> **Your goal**
Every line of the material below needs to be copied exactly; omit the pictures.

> **Supplied data**
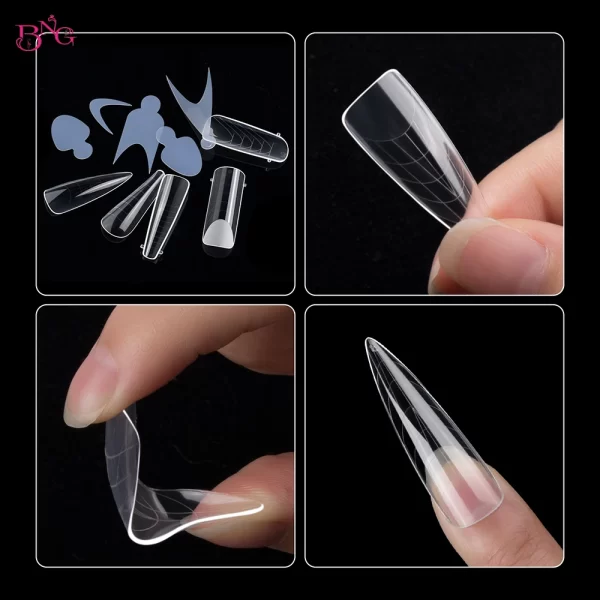 BNG Dual Nail Forms Set Full Cover Nail Extension Tips Coffin Almond Nail System Dual Forms With Silicone French Forma Stickers - Image 12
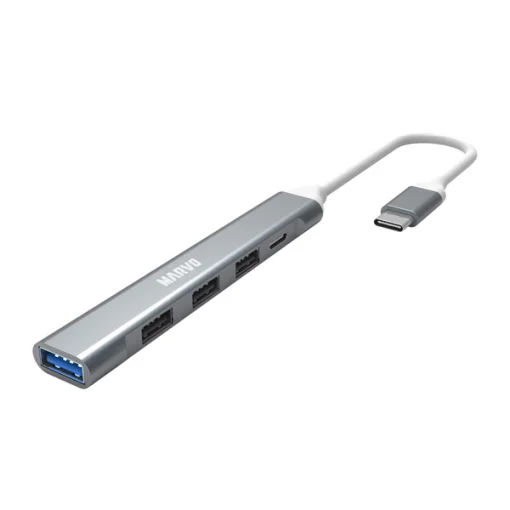 Cod.978  Hub MARVO UH008 / Interfaz USB Tipo-C a 1*USB 3.0 + 3*USB 2.0 + 1*Tipo-C / plug &amp; Play / Metal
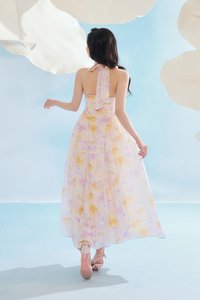 Maisie Padded Halter Flare Maxi Dress in Purple Fleur de Voile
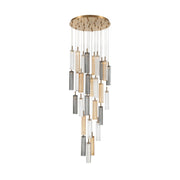 Crystorama Addis 26in 28-Light Pendant | Mid-Century Aged Brass and Autumn Tronchi Glass | Entryway & Dining Room | 26 x 26 x 21 in | Model ADD-415-AG-AU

> **Result for this exercise**
 BNG Dual Nail Forms Set Full Cover Nail Extension Tips Coffin Almond Nail System Dual Forms With Silicone French Forma Stickers - Image 12
 Cod.978  Hub MARVO UH008 / Interfaz USB Tipo-C a 1*USB 3.0 + 3*USB 2.0 + 1*Tipo-C / plug &amp; Play / Metal
 Maisie Padded Halter Flare Maxi Dress in Purple Fleur de Voile
 Crystorama Addis 26in 28-Light Pendant | Mid-Century Aged Brass and Autumn Tronchi Glass | Entryway & Dining Room | 26 x 26 x 21 in | Model ADD-415-AG-AU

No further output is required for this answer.